WARNING: CPU: 7 PID: 7 at block/blk-core.c:630
blk_get_request+0x68/0x70
WARNING: CPU: 4 PID: 157 at block/blk-mq-tag.c:82
blk_mq_get_tag+0x438/0x46c
After fixing the above warnings, I've hit another tm_cmd timeout, which
may be
caused by unstable controller state.
__ufshcd_issue_tm_cmd: task management cmd 0x80 timed-out
Then, ufshcd_err_handler() enters full reset, and I hit kernel stuck.
It turned
out ufshcd_print_trs() printed too many messages in console which
requires CPU
locks. Likewise hba->silence_err_logs, we need to avoid too verbose
messages.
Actually it came from ufshcd_transfer_rsp_status() when requeuing
commands back.
Indeed, this is actually not an error case, so let's fix it.
Fixes: 69a6c269c097 ("scsi: ufs: Use blk_{get,put}_request() to
allocate and free TMFs")
Signed-off-by: Jaegeuk Kim <jaegeuk@xxxxxxxxxx>
It is really good to find out the root cause! Thanks for the fix.
Reviewed-by: Can Guo <cang@xxxxxxxxxxxxxx>
---
drivers/scsi/ufs/ufshcd.c | 18 +++++++++++++-----
1 file changed, 13 insertions(+), 5 deletions(-)

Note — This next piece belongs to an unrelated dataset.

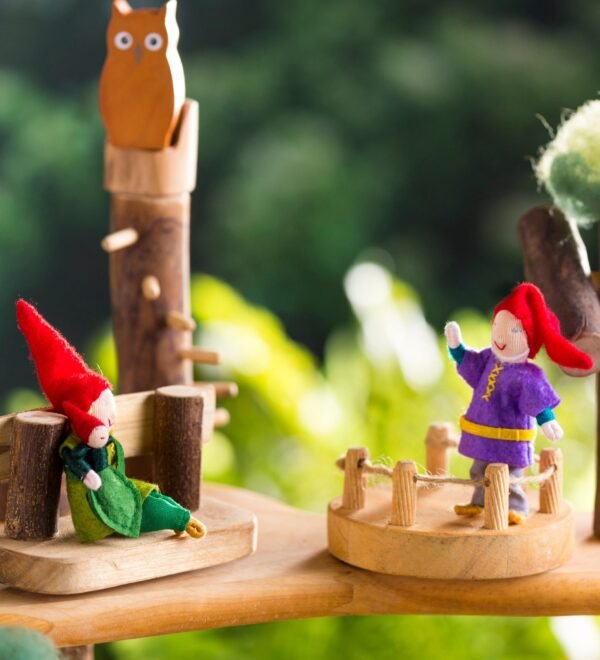 Tree Fort Kit with Furniture and Woodland Friends Dolls - Image 4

diff --git a/drivers/scsi/ufs/ufshcd.c b/drivers/scsi/ufs/ufshcd.c
index e6e7bdf99cd7..2a715f13fe1d 100644
--- a/drivers/scsi/ufs/ufshcd.c
+++ b/drivers/scsi/ufs/ufshcd.c
@@ -4996,7 +4996,8 @@ ufshcd_transfer_rsp_status(struct ufs_hba *hba,
struct ufshcd_lrb *lrbp)
break;
} /* end of switch */
- if ((host_byte(result) != DID_OK) && !hba->silence_err_logs)
+ if ((host_byte(result) != DID_OK) &&
+ (host_byte(result) != DID_REQUEUE) && !hba->silence_err_logs)

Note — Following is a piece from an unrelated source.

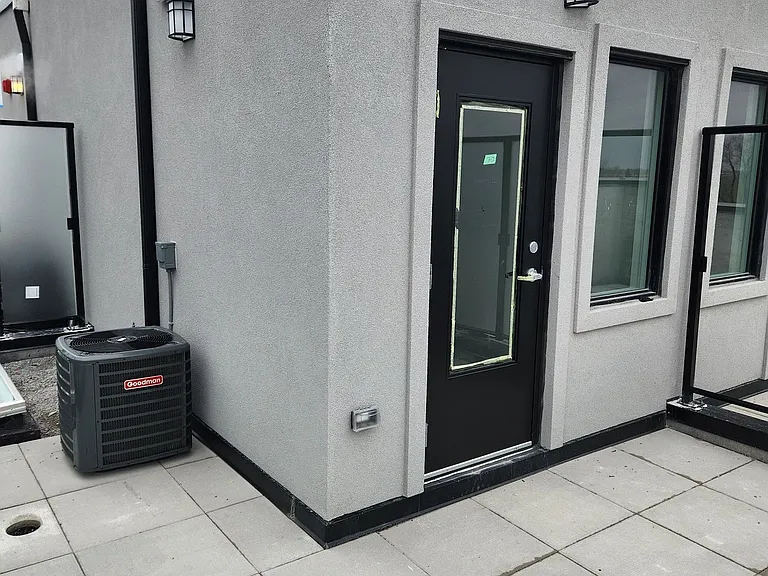 861 Sheppard Ave W #29 — Photo 33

ufshcd_print_trs(hba, 1 << lrbp->task_tag, true);
return result;
}
@@ -6302,9 +6303,13 @@ static irqreturn_t ufshcd_intr(int irq, void
*__hba)
intr_status = ufshcd_readl(hba, REG_INTERRUPT_STATUS);
}
- if (enabled_intr_status && retval == IRQ_NONE) {
- dev_err(hba->dev, "%s: Unhandled interrupt 0x%08x\n",
- __func__, intr_status);
+ if (enabled_intr_status && retval == IRQ_NONE &&
+ !ufshcd_eh_in_progress(hba)) {
+ dev_err(hba->dev, "%s: Unhandled interrupt 0x%08x (0x%08x,
0x%08x)\n",
+ __func__,
+ intr_status,
+ hba->ufs_stats.last_intr_status,
+ enabled_intr_status);
ufshcd_dump_regs(hba, 0, UFSHCI_REG_SPACE_SIZE, "host_regs: ");
}
@@ -6348,7 +6353,10 @@ static int __ufshcd_issue_tm_cmd(struct ufs_hba
*hba,
* Even though we use wait_event() which sleeps indefinitely,
* the maximum wait time is bounded by %TM_CMD_TIMEOUT.
*/
- req = blk_get_request(q, REQ_OP_DRV_OUT, BLK_MQ_REQ_RESERVED);
+ req = blk_get_request(q, REQ_OP_DRV_OUT, 0);
+ if (IS_ERR(req))
+ return PTR_ERR(req);
+
req->end_io_data = &wait;
free_slot = req->tag;
WARN_ON_ONCE(free_slot < 0 || free_slot >= hba->nutmrs);